Quando mi serve qualcosa al volo – ad esempio in questo periodo un ombrellone o magari una borraccia o un telo da mare perché decido su due piedi di andare, che ne so, a Caorle che da casa è soltanto a un’ora di finestrino abbassato – prima di fare acquisti telefono a mio padre e dico “Pa’, non è che per caso nel tuo Emporio disponi di tale articolo?”.
E lui dice “Speta che vado”.
Quindi si reca in quello che noi chiamiamo l’Emporio, ovvero la soffitta di casa dove ha conservato ordinatamente l’intero secolo scorso, mi richiama e dice “Ce l’ho, vien a ciòrlo”.
E così io, invece di andare alla Decathlon o al Center Casa, vado all’Emporio e me ne torno con un prodotto degli anni Settanta sotto il braccio.
Certi articoli da giovani marmotte, certe seggioline di plastica essenziali, certi ombrelloni fioriti, certe lenzuola diafane, certi asciugamanini da mare frusti che li metti in borsa e pesano nulla…
Di colpo mi ritrovo a pensare che il vero lusso non risiede mica in chissà che.

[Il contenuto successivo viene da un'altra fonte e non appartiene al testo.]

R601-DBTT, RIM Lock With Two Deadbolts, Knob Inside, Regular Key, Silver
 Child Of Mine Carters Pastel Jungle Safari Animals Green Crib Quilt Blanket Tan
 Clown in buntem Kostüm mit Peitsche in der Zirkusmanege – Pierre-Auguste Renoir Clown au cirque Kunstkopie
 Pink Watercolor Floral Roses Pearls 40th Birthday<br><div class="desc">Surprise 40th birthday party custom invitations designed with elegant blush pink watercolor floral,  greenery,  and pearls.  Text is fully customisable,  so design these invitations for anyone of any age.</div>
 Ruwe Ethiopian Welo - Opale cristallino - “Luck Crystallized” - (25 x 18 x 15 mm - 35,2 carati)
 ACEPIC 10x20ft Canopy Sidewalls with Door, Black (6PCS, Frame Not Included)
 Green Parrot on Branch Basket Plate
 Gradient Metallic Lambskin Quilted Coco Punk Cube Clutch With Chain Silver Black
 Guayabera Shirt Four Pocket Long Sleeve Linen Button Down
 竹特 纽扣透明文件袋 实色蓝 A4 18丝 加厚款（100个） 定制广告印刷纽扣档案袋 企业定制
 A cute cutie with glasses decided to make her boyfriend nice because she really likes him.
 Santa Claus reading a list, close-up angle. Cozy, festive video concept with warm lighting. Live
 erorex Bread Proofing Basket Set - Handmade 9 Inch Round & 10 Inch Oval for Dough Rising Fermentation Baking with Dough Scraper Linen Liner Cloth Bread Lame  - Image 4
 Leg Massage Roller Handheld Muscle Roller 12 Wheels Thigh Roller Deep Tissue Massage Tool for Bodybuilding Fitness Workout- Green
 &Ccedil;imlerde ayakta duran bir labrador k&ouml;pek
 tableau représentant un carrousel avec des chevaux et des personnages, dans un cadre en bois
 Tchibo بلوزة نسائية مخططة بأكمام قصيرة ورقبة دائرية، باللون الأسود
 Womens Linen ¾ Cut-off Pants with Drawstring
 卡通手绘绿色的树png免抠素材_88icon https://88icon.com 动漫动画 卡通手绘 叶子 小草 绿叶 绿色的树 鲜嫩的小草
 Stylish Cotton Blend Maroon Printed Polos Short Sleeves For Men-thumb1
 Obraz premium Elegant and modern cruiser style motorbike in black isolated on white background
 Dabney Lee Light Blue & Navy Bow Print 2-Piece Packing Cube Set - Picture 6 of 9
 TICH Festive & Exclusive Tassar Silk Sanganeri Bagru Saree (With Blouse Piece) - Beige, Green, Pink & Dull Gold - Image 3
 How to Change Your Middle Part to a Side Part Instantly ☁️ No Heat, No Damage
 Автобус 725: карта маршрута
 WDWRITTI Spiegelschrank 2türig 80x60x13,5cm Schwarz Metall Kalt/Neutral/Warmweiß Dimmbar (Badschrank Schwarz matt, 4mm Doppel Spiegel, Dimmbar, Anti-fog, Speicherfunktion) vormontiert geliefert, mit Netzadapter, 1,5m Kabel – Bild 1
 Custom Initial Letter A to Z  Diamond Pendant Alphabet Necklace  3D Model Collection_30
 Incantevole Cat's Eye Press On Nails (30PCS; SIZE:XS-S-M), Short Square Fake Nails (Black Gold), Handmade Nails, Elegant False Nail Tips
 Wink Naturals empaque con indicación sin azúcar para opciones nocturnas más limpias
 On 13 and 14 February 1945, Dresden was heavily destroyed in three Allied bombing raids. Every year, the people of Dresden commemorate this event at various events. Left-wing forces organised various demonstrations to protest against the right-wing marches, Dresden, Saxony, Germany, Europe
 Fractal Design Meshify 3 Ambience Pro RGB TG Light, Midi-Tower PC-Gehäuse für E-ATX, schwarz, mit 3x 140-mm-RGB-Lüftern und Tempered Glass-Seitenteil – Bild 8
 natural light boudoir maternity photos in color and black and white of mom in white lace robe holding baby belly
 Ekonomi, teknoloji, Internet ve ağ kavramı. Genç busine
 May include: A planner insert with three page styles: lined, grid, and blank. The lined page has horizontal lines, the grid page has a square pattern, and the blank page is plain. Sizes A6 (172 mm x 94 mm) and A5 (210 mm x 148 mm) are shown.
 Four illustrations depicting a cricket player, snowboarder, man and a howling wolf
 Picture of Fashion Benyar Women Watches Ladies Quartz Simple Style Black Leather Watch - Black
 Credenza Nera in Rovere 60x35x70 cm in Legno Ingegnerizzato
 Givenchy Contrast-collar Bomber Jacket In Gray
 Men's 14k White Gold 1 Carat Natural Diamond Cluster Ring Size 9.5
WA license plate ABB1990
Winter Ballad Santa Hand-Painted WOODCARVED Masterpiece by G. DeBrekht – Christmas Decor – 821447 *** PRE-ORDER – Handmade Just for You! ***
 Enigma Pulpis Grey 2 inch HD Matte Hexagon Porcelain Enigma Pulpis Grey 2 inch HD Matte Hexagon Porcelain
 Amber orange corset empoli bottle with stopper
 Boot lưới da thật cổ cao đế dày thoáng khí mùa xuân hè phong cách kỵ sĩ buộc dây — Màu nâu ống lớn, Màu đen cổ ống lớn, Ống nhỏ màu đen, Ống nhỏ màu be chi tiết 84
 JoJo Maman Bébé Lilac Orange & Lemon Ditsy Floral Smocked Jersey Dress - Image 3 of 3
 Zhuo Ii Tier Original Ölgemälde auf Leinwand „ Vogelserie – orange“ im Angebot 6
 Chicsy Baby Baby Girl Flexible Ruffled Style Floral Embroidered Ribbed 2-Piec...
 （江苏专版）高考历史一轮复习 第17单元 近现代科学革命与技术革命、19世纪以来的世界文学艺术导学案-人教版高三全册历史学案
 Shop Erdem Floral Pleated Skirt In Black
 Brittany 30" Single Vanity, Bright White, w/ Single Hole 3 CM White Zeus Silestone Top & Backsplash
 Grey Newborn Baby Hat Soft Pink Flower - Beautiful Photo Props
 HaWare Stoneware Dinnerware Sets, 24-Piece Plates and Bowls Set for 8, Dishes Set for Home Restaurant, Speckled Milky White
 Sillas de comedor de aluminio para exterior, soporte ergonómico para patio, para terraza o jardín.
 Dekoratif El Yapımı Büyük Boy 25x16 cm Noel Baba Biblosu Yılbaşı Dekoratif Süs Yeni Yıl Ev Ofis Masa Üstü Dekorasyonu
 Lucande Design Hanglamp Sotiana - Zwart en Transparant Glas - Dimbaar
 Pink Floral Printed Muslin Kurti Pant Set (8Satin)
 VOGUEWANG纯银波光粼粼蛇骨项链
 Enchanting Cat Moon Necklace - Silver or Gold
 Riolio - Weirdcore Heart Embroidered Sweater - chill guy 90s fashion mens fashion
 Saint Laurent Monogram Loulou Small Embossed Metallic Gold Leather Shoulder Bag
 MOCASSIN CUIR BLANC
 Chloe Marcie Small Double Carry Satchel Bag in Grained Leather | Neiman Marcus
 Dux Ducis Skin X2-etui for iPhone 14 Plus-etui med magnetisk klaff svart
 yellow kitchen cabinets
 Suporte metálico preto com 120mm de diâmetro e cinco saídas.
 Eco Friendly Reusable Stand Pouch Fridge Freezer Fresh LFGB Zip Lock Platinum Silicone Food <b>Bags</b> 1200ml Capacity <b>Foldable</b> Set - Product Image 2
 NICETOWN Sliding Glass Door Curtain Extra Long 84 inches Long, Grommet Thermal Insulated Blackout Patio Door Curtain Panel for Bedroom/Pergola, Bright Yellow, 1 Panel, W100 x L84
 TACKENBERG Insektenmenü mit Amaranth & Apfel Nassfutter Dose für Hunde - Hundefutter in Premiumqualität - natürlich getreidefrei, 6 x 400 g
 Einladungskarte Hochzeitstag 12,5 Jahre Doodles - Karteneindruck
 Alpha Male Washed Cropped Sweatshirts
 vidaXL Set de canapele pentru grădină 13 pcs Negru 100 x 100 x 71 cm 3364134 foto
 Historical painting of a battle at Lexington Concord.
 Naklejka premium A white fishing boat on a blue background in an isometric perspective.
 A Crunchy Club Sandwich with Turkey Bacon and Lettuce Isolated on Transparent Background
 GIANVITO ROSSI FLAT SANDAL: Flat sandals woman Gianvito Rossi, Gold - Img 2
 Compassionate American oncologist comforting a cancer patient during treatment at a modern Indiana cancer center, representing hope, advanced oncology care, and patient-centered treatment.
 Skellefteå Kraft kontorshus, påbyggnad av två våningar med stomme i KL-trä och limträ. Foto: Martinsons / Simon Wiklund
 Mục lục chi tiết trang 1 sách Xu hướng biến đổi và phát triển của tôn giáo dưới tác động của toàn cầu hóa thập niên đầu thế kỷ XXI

Se ne sta in fondo in una manciata di comuni cose di famiglia rese aristocratiche dallo scorrere del tempo, risiede in ciò che consumandosi acquista levità, si annida nell’eleganza di certi filati lisi che hanno il potere di setacciare la memoria rendendola fine, raffinata (il perdono nel presente, le scorie nel passato), selezionata, scelta, episodica, sopportabile, leggera.
O almeno un filo più leggera, dài, dipende anche dalla trama del tessuto.
Invecchiare, in certi casi, non è poi così male…
Ombrellone: Emporio, anno 1978, Porcia.
Radio: salotto con cellofan di Grandma, anno 1950, Cordenons.
Manuale malincomico: Biblioteca dell’immagine, anno 2020, Villanova.
Baffi: crema SPF 30, anno indefinito, scaduta.